We re-interpret the logits of CNN and ViT as an HRR vector, which we convert to class predictions by associating with each class its own unique HRR vector. We use the concept of binding and unbinding operations of HRR. For each class, a unique Key-Value pair is generated. The network predicts the linked key-value pair, i.e., the bound term. During inference, unbinding is applied to the prediction of the network with each key that returns a predicted value. The predicted value is compared with each generated ground truth value of each class using cosine similarity. The arg max of the similarity score will be the class/count output associated with the input.
The networks are trained using the images of white circles on a black background. After training, during test time experiments are performed by changing the size, shape, color, and boundary representation of the object to examine the subitizing generalizability of each method. The results of the four experiments for both CNN and ViT are shown in the following tables. In each of the four experiments accuracy of the models trained with HRR and CE loss is presented. The HRR-based loss appears to improve the results, especially toward higher subitizing generalization. ViT performed comparatively worse than CNN, however, in general, ViT with HRR loss shows better generalization. In one case of CNN, HRR’s performance has degraded, but still non-trivial performance, and in one case both the HRR loss and CE loss have degenerated worse-than-random guessing. In the case of ViT, HRR’s effectiveness in generalization remains consistent particularly in ‘white rings’ where it outperformed CE over a big margin ranging from 4% to 58%.
In all four experiments, the saliency maps for both CE and HRR loss are observed and analyzed. In all of the cases, HRR puts more attention toward the boundary regions whereas the network trained with CE loss puts attention on both the inside and output of objects along with the boundary regions. Sample images of the boundary representation test and the corresponding saliency maps for both of the loss functions are given in the following figure. In all cases with the CE loss, we can see spurious attention placed on empty regions of the input - generally increasing in magnitude with more items. By contrast, the HRR loss keeps activations focused on the actual object edges and appears to suffer only for large n when objects are placed too close together.

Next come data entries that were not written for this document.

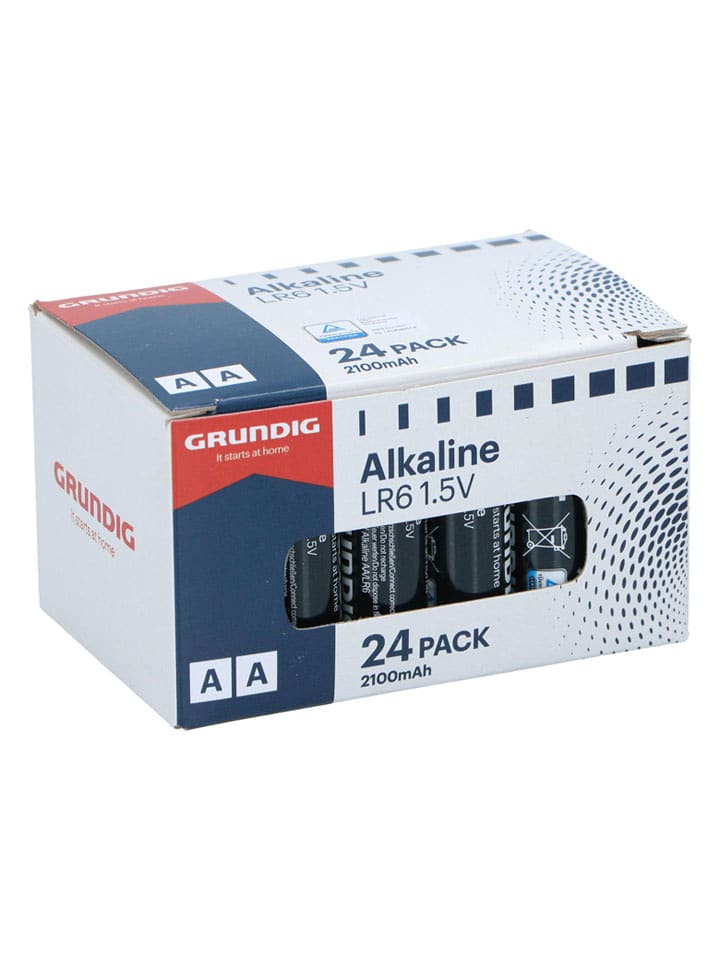 GRUNDIG Baterie alkaliczne (24 szt.) - AA/LR6 2100 mAh rozmiar: onesize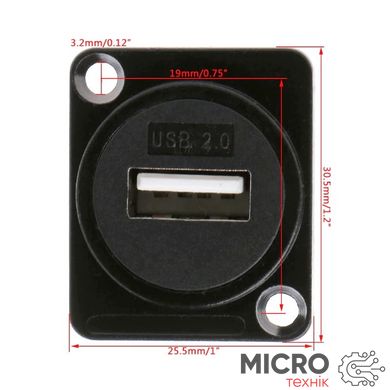 Переходник USB 2.0 AF-USB 2.0 AF на корпус 3040310 фото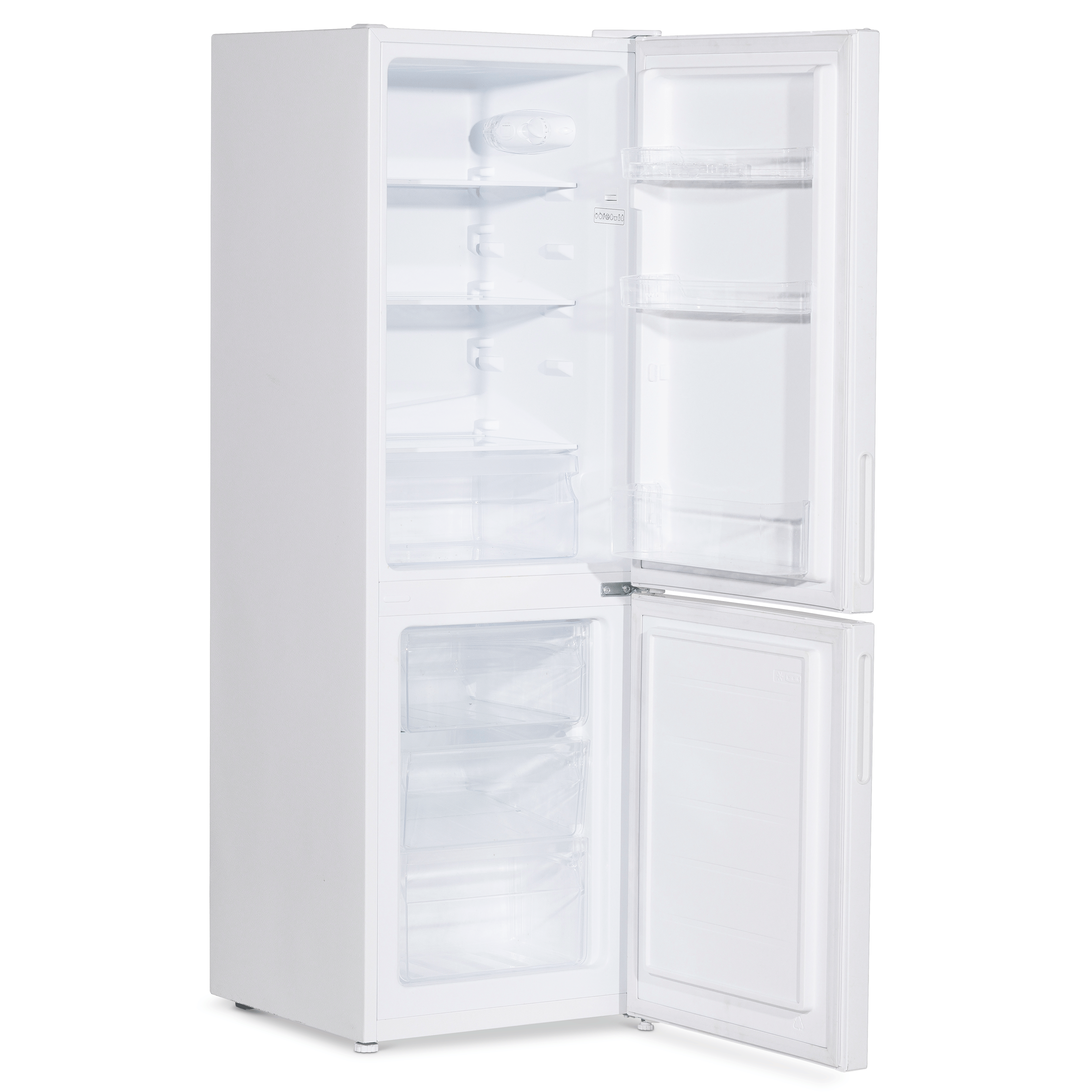 Baridi 47cm 70/30 Fridge Freezer with Adjustable Thermostat, 157L Capacity - Energy Efficient Compact Refrigerator for Home, Office, Dorm, or Apartment - White (Model DH252)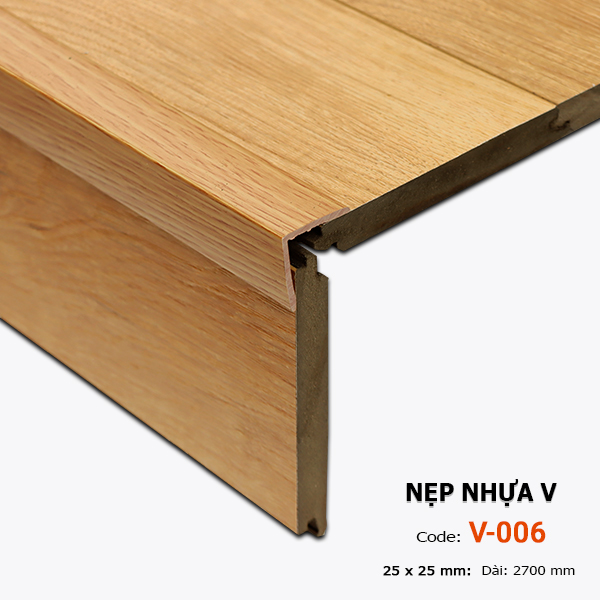Nẹp Nhựa V-006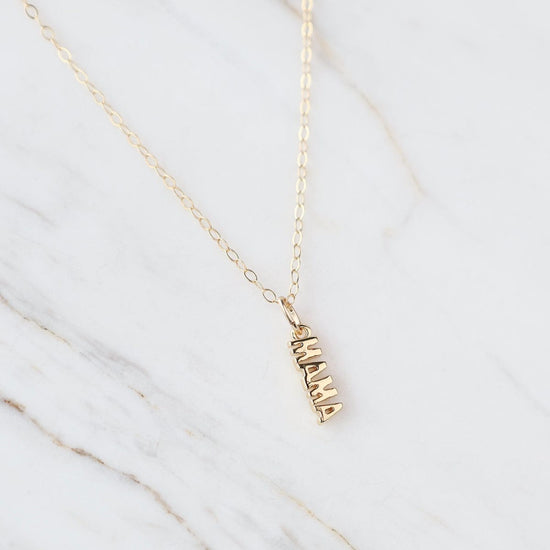 NKL-GF Little Mama Dainty Necklace Gold Filled
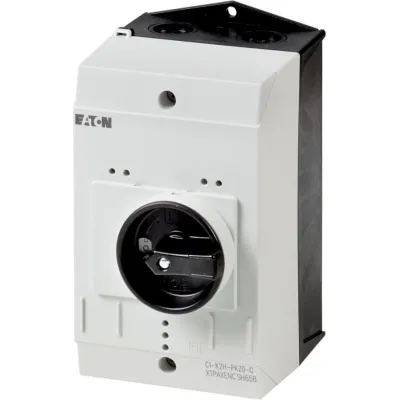 Eaton CI-K2-PKZ0-G Leergehäuse für PKZM0 | IP65 | 160x100x130mm | Drehgriff schwarz/grau | Kunststoff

Moreover, based on the observation of saliency maps of correct and incorrect predictions following conclusions are made:
- Even when the CE-based model is correct, its saliency map indicates it uses the inside region of an object and the area around the object/background toward its prediction in almost all cases.
- When the HRR-based model is correct, the edges of the objects in the saliency map are usually nearly complete, and large noisy activations can be observed surrounding the boundary regions.
- When the CE-based model is incorrect, it often has two objects that are near each other.
- When this happens, the CE saliency map tends to produce especially large activations between the objects, creating an artificial "bridge" between the two objects.
- When the HRR-based loss is incorrect, it tends to have a saliency map that is either 1) activating on the inside content of the object, or 2) has large broken/incomplete edges detected for the object.
Bonus: In the beginning, the title of the readme has a leaf emoji. Without looking at that now, how many leaves were there?